5. Auf der kommenden Pressekonferenz werden die neuen Projektionen des Mitarbeiterstabs der EZB eine zentrale Stellung einnehmen. Änderungen im Vergleich zu den Vorhersagen vom Dezember könnten für die Inflation leicht nach oben und für das Wirtschaftswachstum leicht nach unten gerichtet sein. Insgesamt sollten sich die Revisionen jedoch in Grenzen halten und damit an den Finanzmärkten keinen Anlass geben, den zukünftigen Kurs der EZB deutlich anders einzuschätzen. Die EZB dürfte weiterhin von einer allmählichen wirtschaftlichen Erholung im Verlauf dieses Jahres ausgehen. Grund für diesen verhaltenen Optimismus sieht sie zum einen in den oben erwähnten Stimmungsindikatoren. Zum anderen dürfte Präsident Draghi von einer weiteren Abnahme der Verwerfungen auf den Finanzmärkten sprechen. Diese zeigt sich unter anderem an den gesunkenen Renditen von Staatsanleihen zum Beispiel aus Spanien und vor allem aus Italien. Daten der EZB zeigen, dass die Banken der Eurozone ihre Bestände an Staatsanleihen im Januar deutlich aufgestockt haben. Dies dürfte vor allem den langfristigen Refinanzierungsgeschäften der EZB zuzuschreiben sein, die auf diese Weise einen wesentlichen Beitrag zur Linderung der Staatsschuldenkrise leisten. Auch die Kreditvergabe an den Privatsektor legte im Januar wieder zu. Der größte Teil dessen floss zwar an nicht-monetäre Finanzinstitute, was ebenfalls den wieder gestiegenen Risikoappetit an den Finanzmärkten zum Ausdruck bringt. Demgegenüber stieg die Kreditvergabe an private Haushalte nur wenig und die an nichtfinanzielle Unternehmen war erneut rückläufig.

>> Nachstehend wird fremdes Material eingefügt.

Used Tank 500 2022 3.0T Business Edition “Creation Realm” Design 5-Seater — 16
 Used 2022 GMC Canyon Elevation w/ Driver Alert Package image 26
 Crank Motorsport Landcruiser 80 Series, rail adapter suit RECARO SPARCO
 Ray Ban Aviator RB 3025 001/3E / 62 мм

Dennoch stellen diese Zahlen eine erhebliche Verbesserung gegenüber dem Einbruch der Kreditvergabe im Dezember dar. Die Sorgen der EZB vor einer gravierenden Kreditklemme dürften daher deutlich nachgelassen haben. Auch die überraschend starke Nachfrage beim zweiten Dreijahrestender durch eine große Zahl an Banken dürfte sie in dieser Einschätzung bekräftigen.

6. Ein weitgehend unverändertes Konjunkturbild, leicht gestiegene Inflationsrisiken und eine sich fortsetzende Entspannung an den Finanzmärkten sprechen dafür, dass die EZB nun keinen Bedarf mehr für eine weitere Lockerung ihrer Geldpolitik sieht. Wir rechnen daher nicht mit einer Senkung des Hauptrefinanzierungssatzes unter das derzeitige Niveau von 1 %. Dieses sollte die EZB aber noch für sehr lange Zeit beibehalten. Auf erneute Verwerfungen an den Finanzmärkten dürfte die EZB eher mit weiteren unkonventionellen Maßnahmen als mit einer Senkung der Leitzinsen reagieren. Die Entspannung der vergangenen Wochen macht dies aber vorerst unwahrscheinlich. Dementsprechend dürfte Präsident Draghi noch deutlicher als bisher betonen, dass die unkonventionellen Maßnahmen der EZB temporärer Natur sind. Zugleich sollte er keinerlei Aussagen tätigen, die von den Finanzmärkten so ausgelegt werden könnten, dass die EZB weitere Dreijahrestender in Erwägung ziehen würde. Vielmehr dürfte er signalisieren, dass die EZB nun ihr Möglichstes zur Unterstützung der Wirtschaft in der Eurozone getan habe und sich daher bis auf Weiteres in eine eher abwartende Haltung begeben werde.